Despite Reports U.S. Export Control Policy on Syria Remains Unchanged
The Bureau of Industry and Security (BIS) recently posted an updated version of it guidance and frequently asked questions involving U.S. exports to Syria. The bottom line: Despite many news reports to the contrary, U.S. export controls involving Syria remains unchanged.
As we previously reported several weeks ago, various news reports, including an article in the New York Times, indicated that the U.S. Government was easing or lifting sanctions on Syria. While the Obama Administration has indicated that it will "process all eligible applications for export licenses to Syria as quickly as possible," the current export licensing requirements to Syria remain unchanged.

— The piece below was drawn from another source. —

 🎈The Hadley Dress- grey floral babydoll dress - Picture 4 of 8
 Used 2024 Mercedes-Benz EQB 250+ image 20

Here is the summary of the current restrictions on Syria that was recently posted by BIS:
BIS requires a license for the export or reexport to Syria of all items subject to the Export Administration Regulations (EAR), except food and medicines not on the Commerce Control List (CCL). Pursuant to the waiver authority exercised by the President in Executive Order 13338, BIS may consider several categories of items on a case-by-case basis including medicines on the CCL and medical devices; parts and components intended to ensure the safety of civil aviation and the safe operation of commercial passenger aircraft; and telecommunications equipment and associated computers, technology, and software. License applications for other exports and reexports to Syria are subject to a general policy of denial.In our experience, BIS and the other U.S. government reviewing agencies involved in the export licensing process have consistently approved licenses to export controlled medicines and medical devices to Syria on a regular basis and in a fairly timely manner (much faster than OFAC's processing of TSRA licenses for Iran and Sudan). The only question is whether the U.S. will begin issuing licenses for the export of aircraft components, telecommunication products and other types of eligible products faster than it has in the past.